Exactly as written, return the entries below, minus any pictures.
··· STORED DATA ···
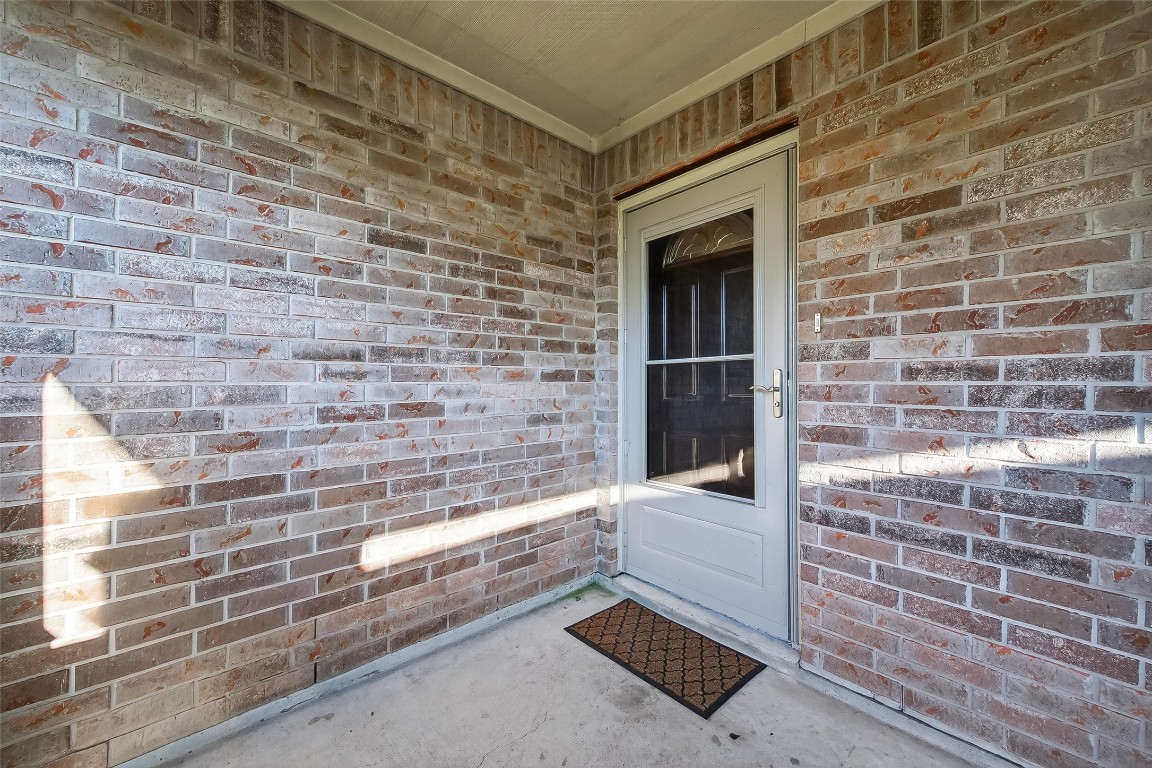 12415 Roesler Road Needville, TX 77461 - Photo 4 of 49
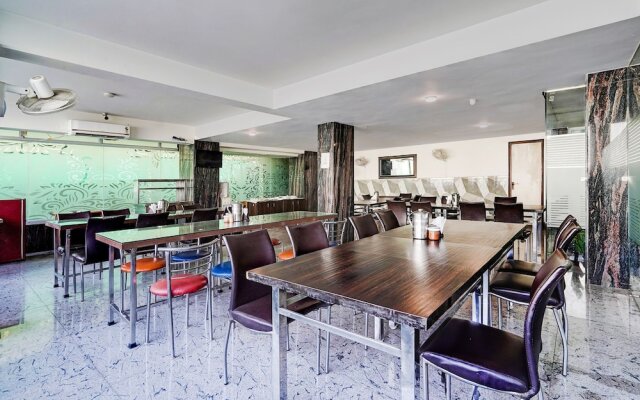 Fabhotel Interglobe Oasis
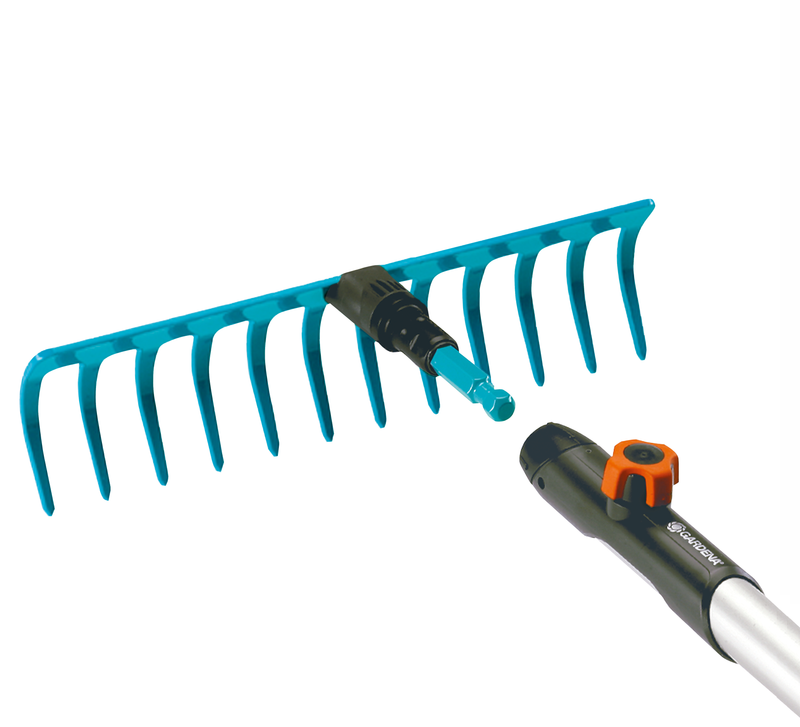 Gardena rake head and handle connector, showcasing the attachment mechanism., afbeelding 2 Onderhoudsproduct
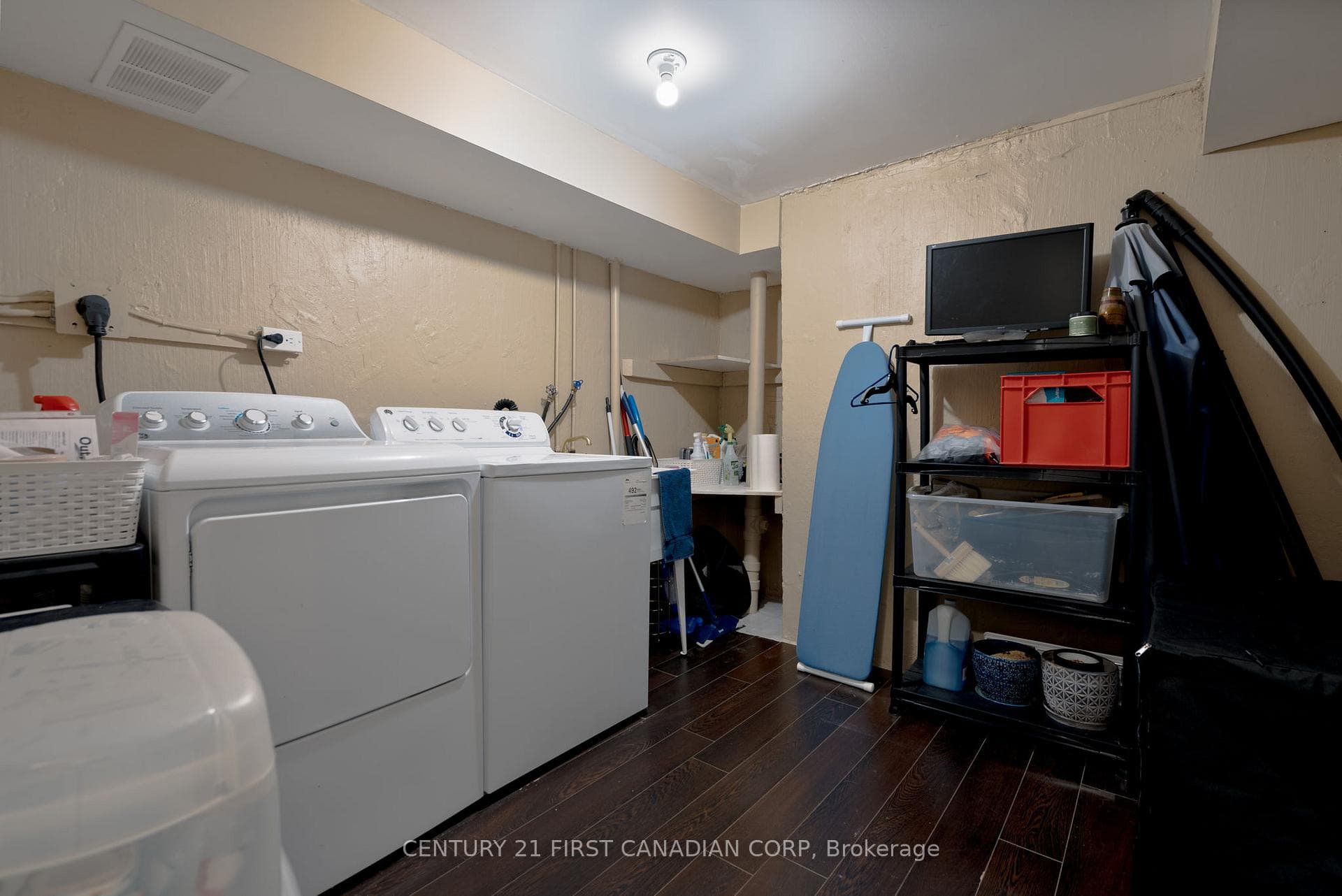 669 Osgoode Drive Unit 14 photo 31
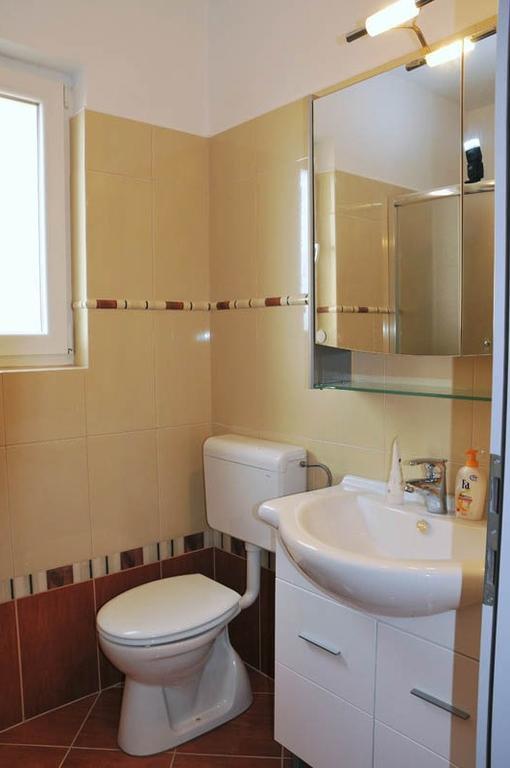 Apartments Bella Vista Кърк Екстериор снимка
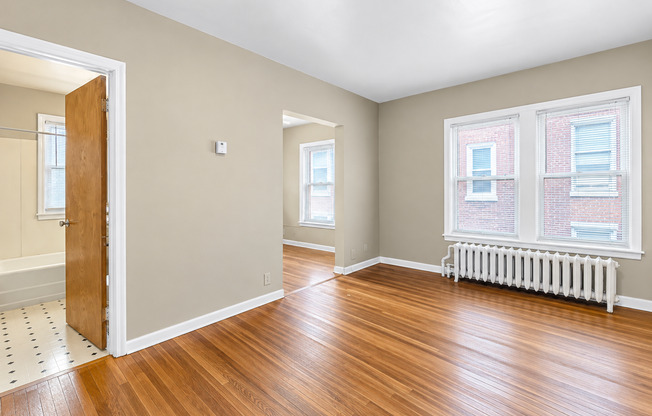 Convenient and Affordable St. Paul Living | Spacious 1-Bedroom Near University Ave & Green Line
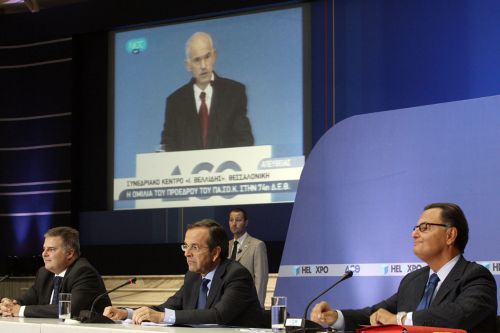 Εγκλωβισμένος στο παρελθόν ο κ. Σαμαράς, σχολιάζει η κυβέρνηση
···
WRITTEN REPLY:
 12415 Roesler Road Needville, TX 77461 - Photo 4 of 49
 Fabhotel Interglobe Oasis
 Gardena rake head and handle connector, showcasing the attachment mechanism., afbeelding 2 Onderhoudsproduct
 669 Osgoode Drive Unit 14 photo 31
 Apartments Bella Vista Кърк Екстериор снимка
 Convenient and Affordable St. Paul Living | Spacious 1-Bedroom Near University Ave & Green Line
 Εγκλωβισμένος στο παρελθόν ο κ. Σαμαράς, σχολιάζει η κυβέρνηση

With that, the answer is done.